▶ **PROBLEM TO WORK ON**: Below are entries. Give back exactly the lines from the one containing "Building Photo - 6888 Smoke Ridge Dr" through the one containing "More Photos Of", inclusive, without the pictures.

▶ **DATA SHOWN**:
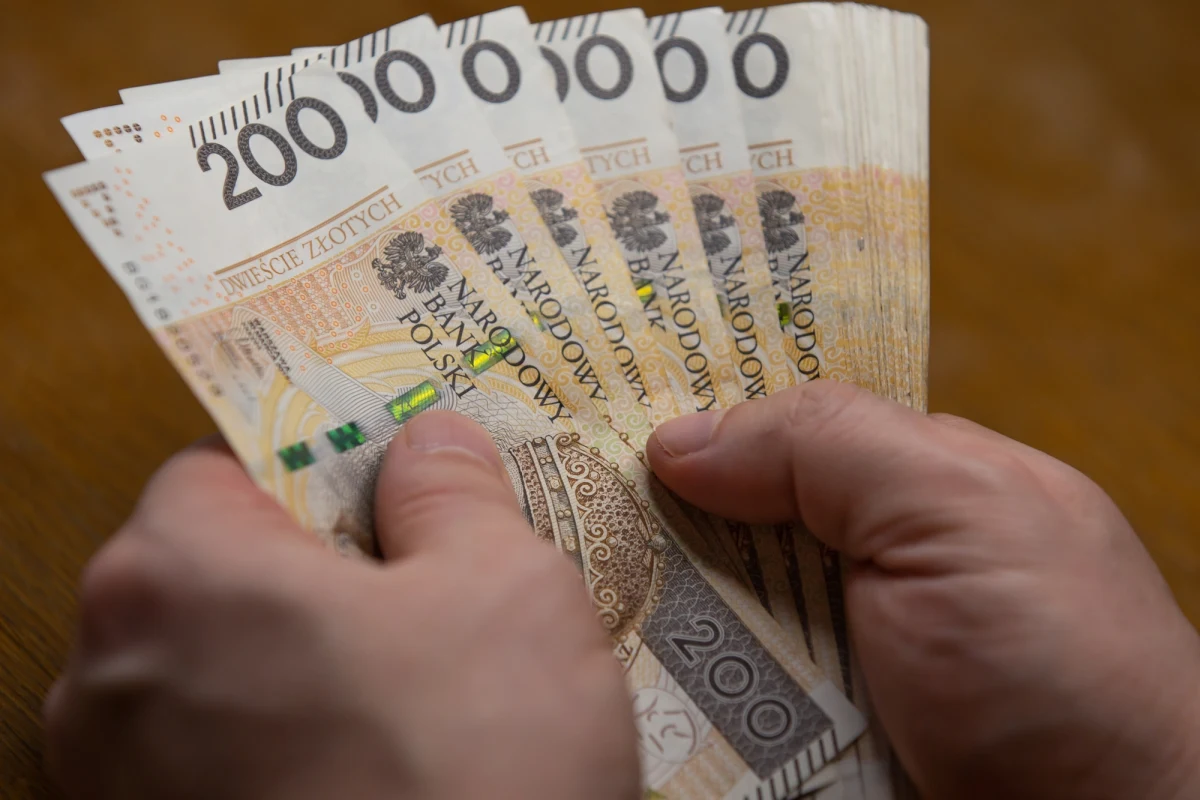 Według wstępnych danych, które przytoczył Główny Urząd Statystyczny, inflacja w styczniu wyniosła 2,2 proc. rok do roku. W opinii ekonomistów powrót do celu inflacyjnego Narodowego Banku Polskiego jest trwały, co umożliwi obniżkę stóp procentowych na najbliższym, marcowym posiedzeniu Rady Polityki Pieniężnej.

--

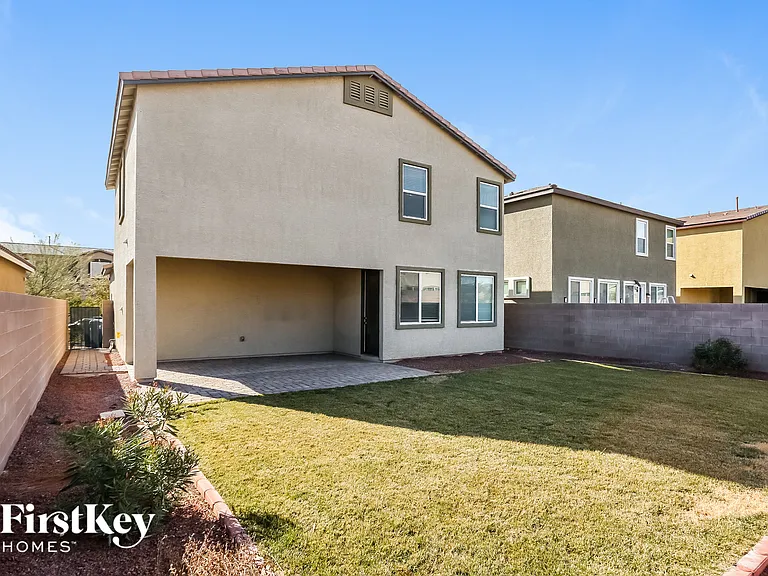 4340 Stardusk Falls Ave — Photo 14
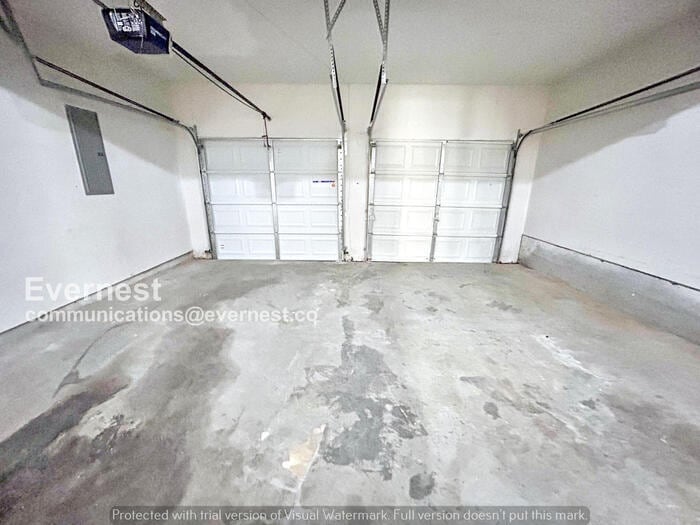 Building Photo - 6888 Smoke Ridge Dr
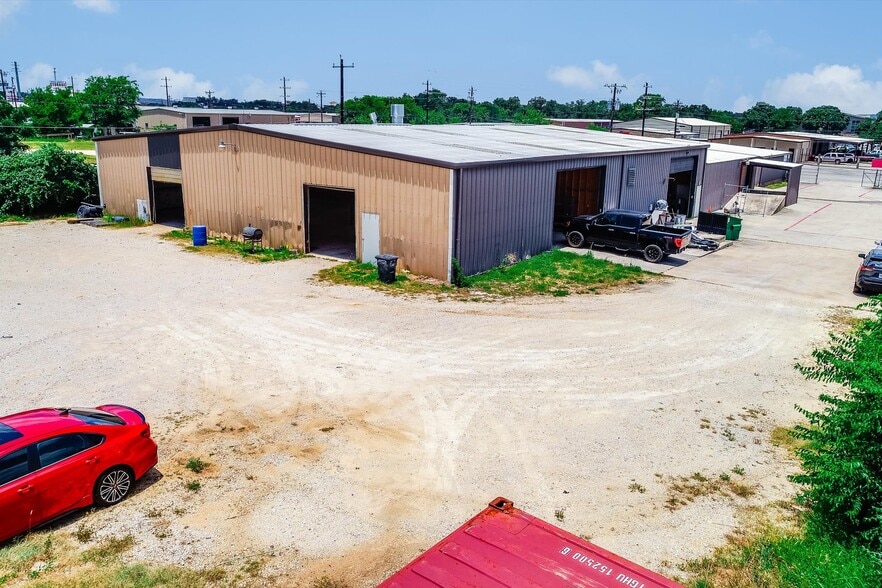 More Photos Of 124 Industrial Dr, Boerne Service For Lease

--

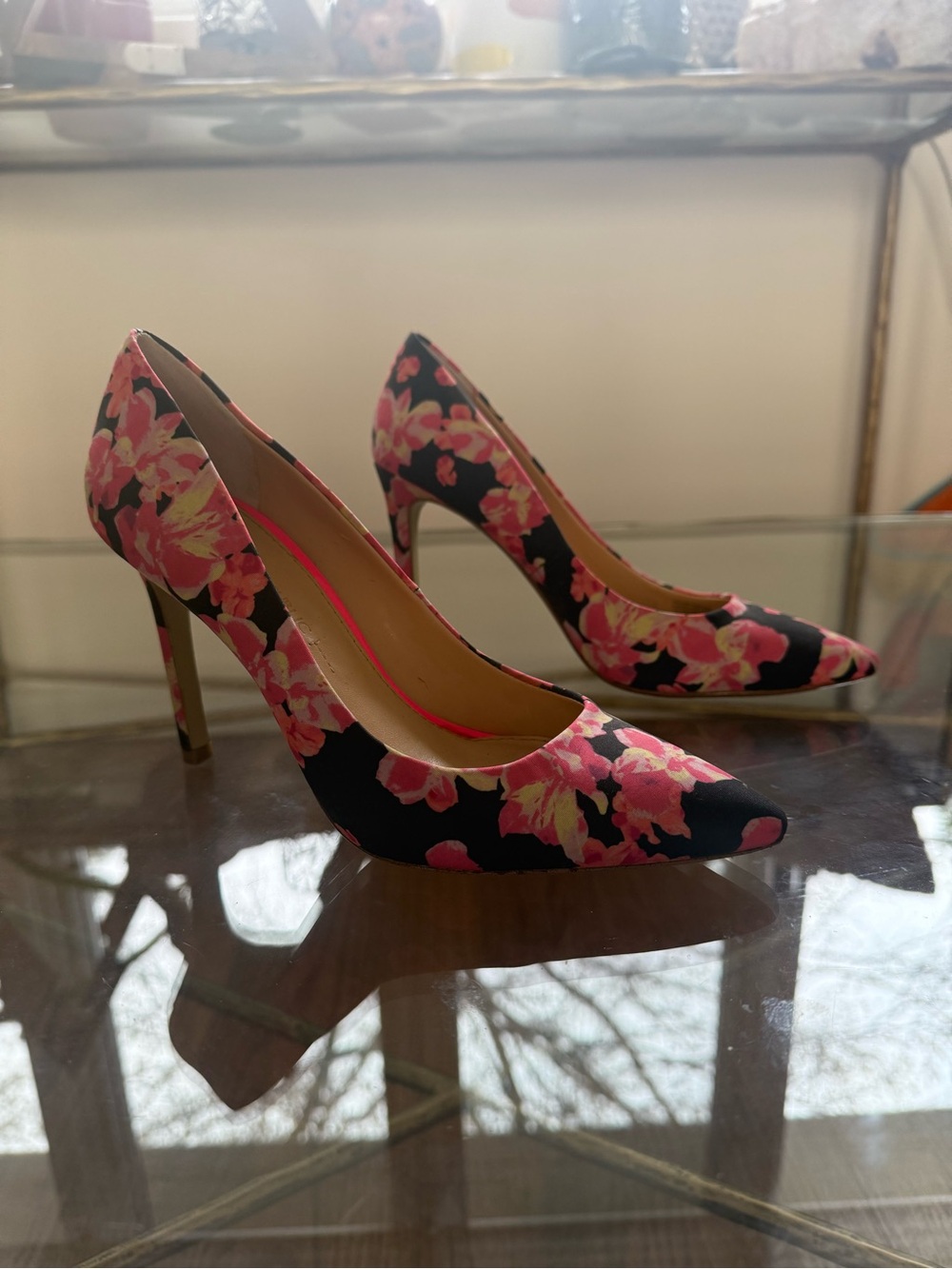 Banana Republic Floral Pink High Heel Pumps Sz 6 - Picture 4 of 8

▶ **REPLY TO THE TASK**:
 Building Photo - 6888 Smoke Ridge Dr
 More Photos Of 124 Industrial Dr, Boerne Service For Lease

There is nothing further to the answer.